In December 2022 the BCBS published its final prudential standards for the treatment of cryptoassets. This is to be implemented by regulators by 1st January 2025. This framework is applicable to firms who hold cryptoasset exposures on their balance sheet or trading book and will be subject to local regulatory implementation.

The updated standards include some welcomed moderation of the proposed rules in some areas, including the infrastructural risk add-on, basis risk test and exposure limits. However, the final standards still contain a prohibitive 1250% risk weighting for a large group of riskier digital assets (effectively those not backed by traditional assets). In addition to these updates, the BCBS has outlined a number of areas which will be subject to ongoing monitoring and review, all of which we will cover in this blog.

Before launching a cryptoasset business banks must ensure that they have a cryptoasset specific extensive risk management framework in place which acknowledges the distinct risk profile of the asset class across all risk types, liquidity management and reporting. The prohibitive risk-weighting for Group 2b assets would require banks seeking to run a profitable digital assets business to shape a digital asset portfolio which excludes Group 2b classified assets. Banks will need effective product approval and ongoing product governance processes in order to ensure assets are categorised in the right way. This will require expertise, judgement and legal interpretation. In this blog we have set out our initial analysis of three popular stablecoins in order to show how the BCBS classifications is likely to be applied in practice.

BCBS Prudential Treatment Blog

The structure of the standards remains largely consistent with the June 2022 publication:

Group 1 cryptoassets (those which meet in full the classification conditions) and are either tokenised traditional assets, which mirror the credit and market risk of traditional assets but are hosted on DLT (digitised bonds as an example), or stablecoins which meet classifications conditions.
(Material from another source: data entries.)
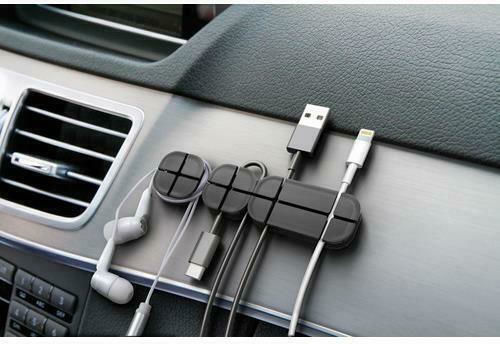 Lampa L3885.4 Kabelclips-Organizer 3Stück Schwarz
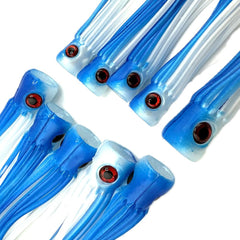 Slammer Chugger blue-silver in rough seas tracking true and steady.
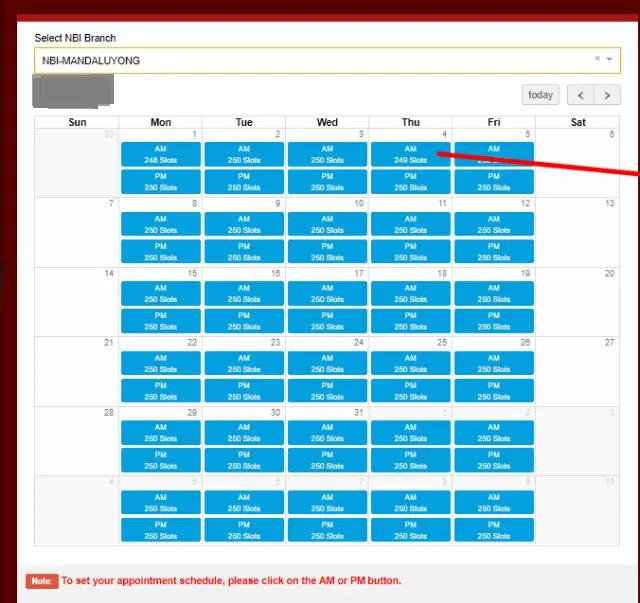 Book NBI Online Appointment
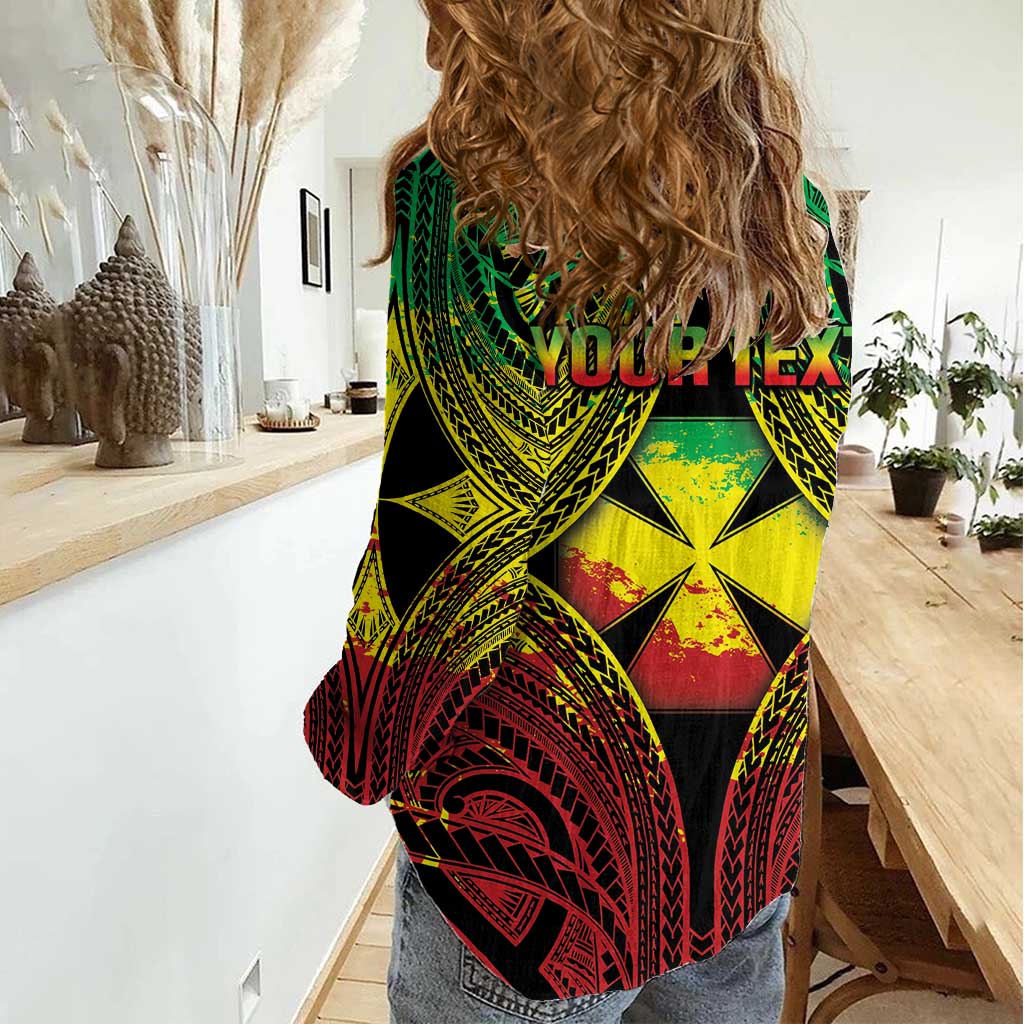 Personalised Wallis and Futuna Territory Day Women Casual Shirt Polynesian Pattern Simple Style LT05 - Polynesian Pride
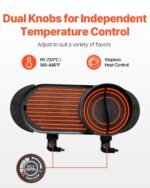 VEVOR YS-604 Hot Pot with Grill 2200W 2-in-1 - Image 10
Group 2 (those that fail to meet the classification conditions) are assets such as algorithmic stablecoins, cryptocurrencies and NFTs. The hedge recognition criteria remain in place and act to divide cryptoassets into Group 2a (those where a limited degree of hedging is recognised) and Group 2b (those where it is not recognised)
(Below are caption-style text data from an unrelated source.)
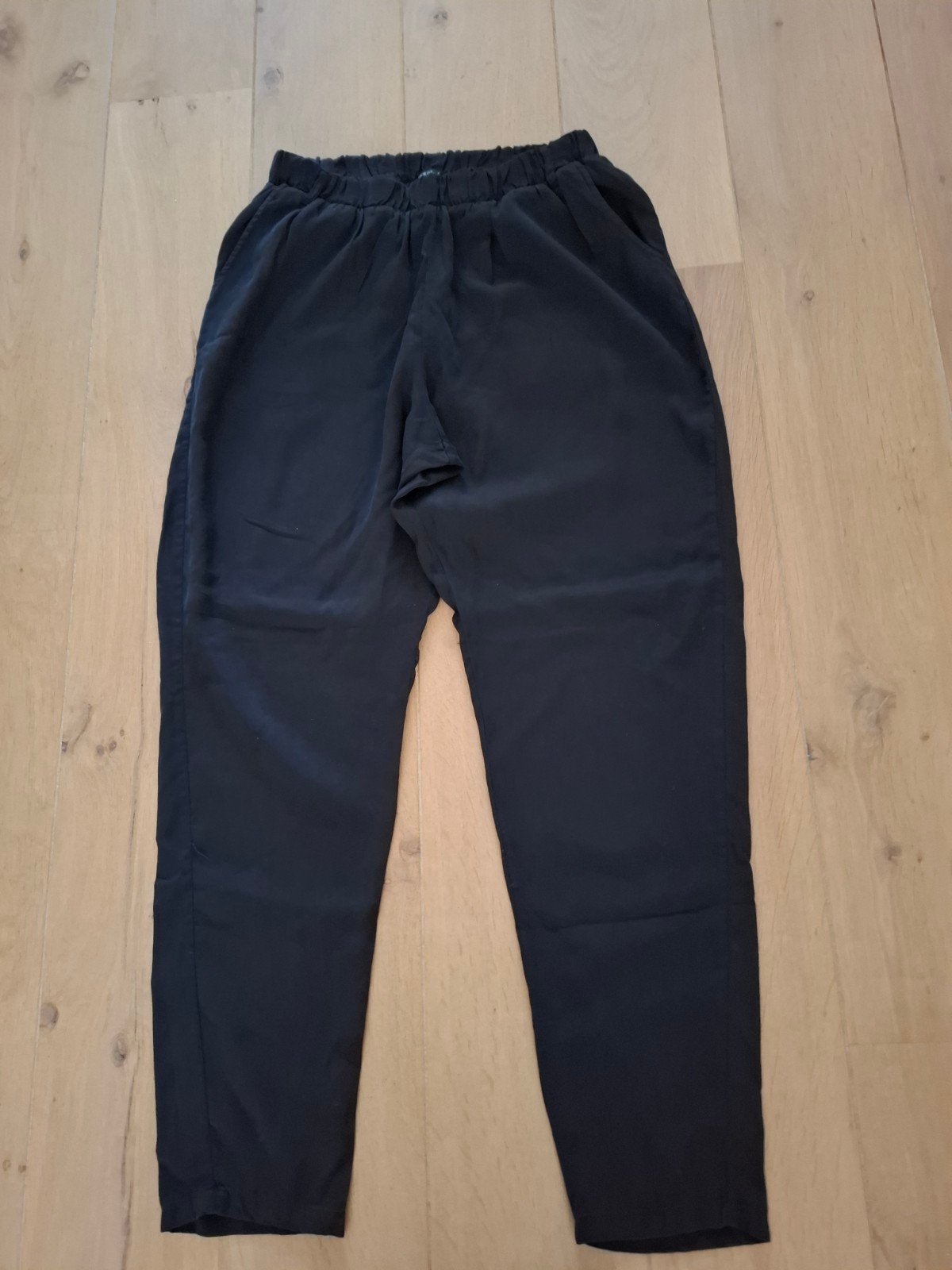 Zwarte M.S. Mode broek - Maat 44, Zwart, Maat 42/44 (L), Ophalen of Verzenden, Zo goed als nieuw
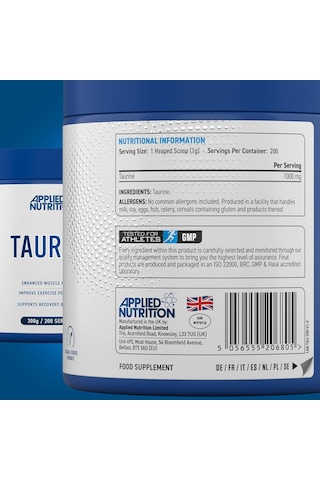 Applied Nutrition Taurine 200 Gram - 200 Servis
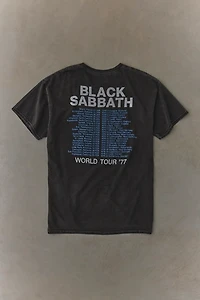 Black Sabbath 1977 Tour Graphic Tee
In order to enhance the standards we would welcome a consistent taxonomy or mapping from the BCBS outlining which assets fall within each category of the framework.

The collaboration of industry participants has been key to providing the BCBS with a holistic view of the Digital Assets landscape. Their responses has most likely been pivotal in the updates we see reflected in the final standards, with the three key areas outlined below:

Infrastructure risk add-on: The first area to receive an update since the consultation is the proposed infrastructural risk add-on for Group 1 cryptoassets. Previously this was set as a fixed RWA add-on of 2.5% of the exposure value. This has been replaced by an approach which allows for the regulator to implement a more nuanced add-on based on observed weaknesses. The BCBS has set the infrastructure risk add-on at 0% initially. This is a welcome approach which recognises the effectiveness of the technology underpinning some of the more mature digital assets infrastructure.

Basis risk test: Secondly, the BCBS considered responses pertaining to the quantitative test based on market value of a cryptoasset, the basis risk test. Ultimately, the BCBS has committed to continuing the pursuit of a statistical test and should this be successful it will be considered as an add-on requirement for Group 1b cryptoassets. However, for now, the requirements are focused on redemption risk tests as a measure of the riskiness of stablecoins. Later in the blog we will explore stablecoins in more detail and the key question banks will have around which of these will meet the BCBS’ redemption risk tests.

Group 2 exposure limit: The final major update to the prudential standards was an updated approach to the Group 2 exposure limit. Banks are advised to retain an exposure to Group 2 cryptoassets below 1% of tier 1 capital. However, the cliff edge has been removed so that exposures up to 2% will be permitted. The decision will allow banks to treat exposures between 0% – 1% with the Group 2a treatment and 1%-2% with the Group 2b treatment. However, once the 2% barrier has been breached all Group 2 assets must be treated with the 2b standardised conservative prudential treatment.

Ongoing Regulatory Monitoring

The BCBS outlined a further set of issues that they would be monitoring on an ongoing basis, the first of which being a topic we’ve touched on: the basis risk test. Further areas include permissionless blockchains, Group 1b cryptoassets received as collateral, the Group 2a criteria and the degree of hedge recognition, and finally the calibration of the Group 2 exposure limit. We expect the regulators and the BCBS to revisit these elements of the rules in future subject to market developments. Banks’ approach to implementing the rules should allow for future changes in these areas particularly.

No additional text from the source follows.